As palavras do velho me fizeram pensar e seriam, mais tarde, o que me fizera tomar um rumo na vida. Infelizmente, tudo que pude fazer por aquele homem foi lhe pagar  algumas doses de bebida para que continuasse em seu delírio. Se bem que, considerando a sanidade exagerada dos dias de hoje, talvez isso fosse tudo que um velho louco precisava para se manter sábio.

Texto dedicado a Leandro Pasqualetto, um amigo fiel que sempre me doa suas histórias e a quem confesso meus segredos. São tantos retalhos de mim que tu tens, e são muitos  os seus que agora fazem parte de mim.

quarta-feira, 24 de setembro de 2014

Cheios vazios

"Você já se pegou olhando para o vazio com os olhos cheios de lágrimas?"

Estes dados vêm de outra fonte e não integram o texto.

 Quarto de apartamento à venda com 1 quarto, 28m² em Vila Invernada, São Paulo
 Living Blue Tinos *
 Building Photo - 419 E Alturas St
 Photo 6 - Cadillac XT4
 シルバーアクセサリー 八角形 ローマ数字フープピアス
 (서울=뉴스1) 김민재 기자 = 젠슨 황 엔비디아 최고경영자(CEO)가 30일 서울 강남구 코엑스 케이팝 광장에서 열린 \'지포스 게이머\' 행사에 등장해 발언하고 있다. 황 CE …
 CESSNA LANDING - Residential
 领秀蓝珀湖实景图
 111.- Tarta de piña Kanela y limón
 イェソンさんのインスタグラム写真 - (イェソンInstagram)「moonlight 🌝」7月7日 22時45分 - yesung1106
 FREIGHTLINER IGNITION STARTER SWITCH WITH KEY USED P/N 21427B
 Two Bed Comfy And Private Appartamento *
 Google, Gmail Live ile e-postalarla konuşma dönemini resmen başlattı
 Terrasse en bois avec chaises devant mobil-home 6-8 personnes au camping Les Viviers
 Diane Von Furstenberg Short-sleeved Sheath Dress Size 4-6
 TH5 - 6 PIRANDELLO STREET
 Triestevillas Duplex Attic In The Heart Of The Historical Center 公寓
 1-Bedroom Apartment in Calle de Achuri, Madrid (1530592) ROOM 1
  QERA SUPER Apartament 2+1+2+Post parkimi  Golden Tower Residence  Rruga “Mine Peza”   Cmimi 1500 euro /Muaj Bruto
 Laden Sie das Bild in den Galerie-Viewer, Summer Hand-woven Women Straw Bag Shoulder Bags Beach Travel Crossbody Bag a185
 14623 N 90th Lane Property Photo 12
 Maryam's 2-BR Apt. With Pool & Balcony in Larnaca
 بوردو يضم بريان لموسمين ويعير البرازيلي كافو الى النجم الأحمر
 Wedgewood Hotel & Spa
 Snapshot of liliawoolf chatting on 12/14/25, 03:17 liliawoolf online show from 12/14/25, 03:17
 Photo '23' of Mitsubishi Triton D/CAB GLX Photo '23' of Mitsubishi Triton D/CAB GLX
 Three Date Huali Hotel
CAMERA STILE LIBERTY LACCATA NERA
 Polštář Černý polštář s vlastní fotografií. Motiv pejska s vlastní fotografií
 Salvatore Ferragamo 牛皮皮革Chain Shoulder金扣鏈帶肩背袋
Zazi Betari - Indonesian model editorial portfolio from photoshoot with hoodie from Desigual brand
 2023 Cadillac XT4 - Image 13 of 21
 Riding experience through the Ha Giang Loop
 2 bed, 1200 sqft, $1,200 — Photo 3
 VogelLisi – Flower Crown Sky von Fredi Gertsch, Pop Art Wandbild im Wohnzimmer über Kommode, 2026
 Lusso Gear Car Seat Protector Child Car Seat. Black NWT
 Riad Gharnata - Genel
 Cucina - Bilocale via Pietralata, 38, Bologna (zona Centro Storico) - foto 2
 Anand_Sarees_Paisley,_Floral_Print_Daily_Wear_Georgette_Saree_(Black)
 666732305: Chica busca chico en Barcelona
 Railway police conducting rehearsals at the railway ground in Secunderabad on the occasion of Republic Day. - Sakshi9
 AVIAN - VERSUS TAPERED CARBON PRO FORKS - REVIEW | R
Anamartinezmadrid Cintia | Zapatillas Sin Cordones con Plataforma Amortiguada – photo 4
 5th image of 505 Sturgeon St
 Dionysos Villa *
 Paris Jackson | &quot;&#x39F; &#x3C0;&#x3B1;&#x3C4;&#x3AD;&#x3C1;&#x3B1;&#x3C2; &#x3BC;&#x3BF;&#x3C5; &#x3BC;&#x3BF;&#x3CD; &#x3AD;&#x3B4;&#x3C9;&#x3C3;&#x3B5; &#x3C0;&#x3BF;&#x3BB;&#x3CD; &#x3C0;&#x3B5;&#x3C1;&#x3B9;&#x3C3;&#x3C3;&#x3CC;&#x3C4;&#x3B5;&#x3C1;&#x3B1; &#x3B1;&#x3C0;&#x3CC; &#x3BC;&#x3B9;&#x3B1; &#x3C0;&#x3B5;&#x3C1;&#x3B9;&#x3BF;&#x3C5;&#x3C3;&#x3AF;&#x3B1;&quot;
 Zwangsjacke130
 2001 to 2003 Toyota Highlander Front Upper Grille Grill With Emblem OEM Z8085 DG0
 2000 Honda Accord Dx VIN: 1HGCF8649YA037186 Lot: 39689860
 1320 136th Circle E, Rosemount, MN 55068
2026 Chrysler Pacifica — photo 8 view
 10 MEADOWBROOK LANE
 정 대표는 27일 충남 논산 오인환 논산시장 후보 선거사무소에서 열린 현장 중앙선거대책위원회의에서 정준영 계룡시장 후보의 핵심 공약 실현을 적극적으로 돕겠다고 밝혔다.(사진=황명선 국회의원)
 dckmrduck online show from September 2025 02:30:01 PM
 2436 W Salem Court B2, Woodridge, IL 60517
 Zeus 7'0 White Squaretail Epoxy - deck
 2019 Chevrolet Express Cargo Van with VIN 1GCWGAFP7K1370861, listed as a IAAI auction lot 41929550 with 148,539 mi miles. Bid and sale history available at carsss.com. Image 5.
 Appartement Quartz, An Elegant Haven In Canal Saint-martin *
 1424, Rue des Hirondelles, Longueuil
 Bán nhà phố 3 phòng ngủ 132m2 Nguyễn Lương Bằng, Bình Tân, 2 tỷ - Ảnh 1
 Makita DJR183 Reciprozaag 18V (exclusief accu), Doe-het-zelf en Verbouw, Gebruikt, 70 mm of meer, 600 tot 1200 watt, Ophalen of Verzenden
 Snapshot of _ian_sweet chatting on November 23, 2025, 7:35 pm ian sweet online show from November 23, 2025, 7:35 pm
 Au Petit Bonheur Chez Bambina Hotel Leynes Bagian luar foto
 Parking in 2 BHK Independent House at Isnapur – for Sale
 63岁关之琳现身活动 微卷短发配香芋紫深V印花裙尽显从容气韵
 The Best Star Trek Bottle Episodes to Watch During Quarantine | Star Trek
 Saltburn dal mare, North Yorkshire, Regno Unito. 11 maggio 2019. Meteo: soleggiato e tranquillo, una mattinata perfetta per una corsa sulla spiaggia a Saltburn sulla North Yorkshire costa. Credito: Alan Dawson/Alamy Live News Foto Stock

Porque aquele vazio era cheio.
Era cheio de saudades, de lembranças, de pesares
De versos, de sons e risos,
De erros, acertos, e olhares.

Antes cheio de você
Agora sem você aqui
Só me resta esse vazio
Imenso contido em mim.


terça-feira, 19 de agosto de 2014

Óculos



                Os óculos me incomodavam novamente. Precisar daquela mascara bizarra pra enxergar chegava a ser estressante. Sim, eu odiava aquilo.  Enquanto o ônibus deslizava pela estrada, o tédio ocasionado me fez olhar para todas as direções. Recosto minha cabeça no banco e conformo-me a olhar para o teto, que naquele instante me pareci tão interessante quanto um filme Hollywoodiano, até que vejo pela janela algo que realmente merecia minha atenção. Um céu estrelado de um negro incrivelmente negro e estrelas incrivelmente estrelas. O incômodo retornou e o reflexo nas lentes me fez notar marchas. Retiro o óculos e enquanto o limpo em minha camisa dou mais uma espiada no belo espetáculo noturno. Mas dessa vez o negro da escuridão não me parecia tão negro assim, as estrelas estavam mais turvar e em menor quantidade e o deslumbre que senti ao ver o céu anteriormente não existia mais. Quando voltei a enxergar aquela beleza um suspiro escapou inevitavelmente. E tudo que se passava pela minha cabeça era a pergunta “Quanta vezes deixei de observar o céu por pensar que ele não passava de um borrão?” Talvez eu não odiasse aqueles óculos tanto assim.